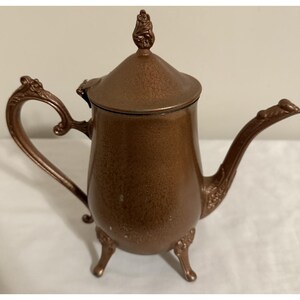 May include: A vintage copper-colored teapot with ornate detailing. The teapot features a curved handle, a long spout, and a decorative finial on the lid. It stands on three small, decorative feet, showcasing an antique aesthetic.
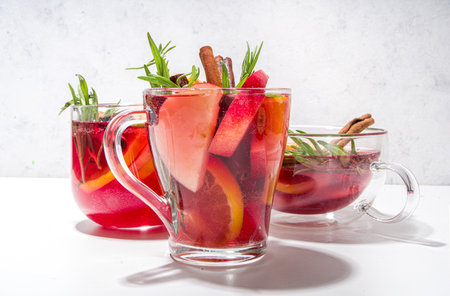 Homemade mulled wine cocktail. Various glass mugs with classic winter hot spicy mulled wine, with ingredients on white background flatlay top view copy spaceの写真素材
* * *
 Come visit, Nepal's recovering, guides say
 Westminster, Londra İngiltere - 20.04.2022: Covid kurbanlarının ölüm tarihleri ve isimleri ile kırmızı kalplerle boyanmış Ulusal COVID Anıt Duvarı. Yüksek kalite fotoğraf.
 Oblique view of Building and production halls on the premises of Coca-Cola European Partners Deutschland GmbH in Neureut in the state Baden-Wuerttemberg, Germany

> [WHAT IS NEEDED]: With the line holding "Westminster, Londra İngiltere" as the first and the line holding "Oblique view of" as the last, please transcribe exactly the lines of the material above in that range and nothing else.

> [SOLUTION FOR THIS PROBLEM]:
 Westminster, Londra İngiltere - 20.04.2022: Covid kurbanlarının ölüm tarihleri ve isimleri ile kırmızı kalplerle boyanmış Ulusal COVID Anıt Duvarı. Yüksek kalite fotoğraf.
 Oblique view of Building and production halls on the premises of Coca-Cola European Partners Deutschland GmbH in Neureut in the state Baden-Wuerttemberg, Germany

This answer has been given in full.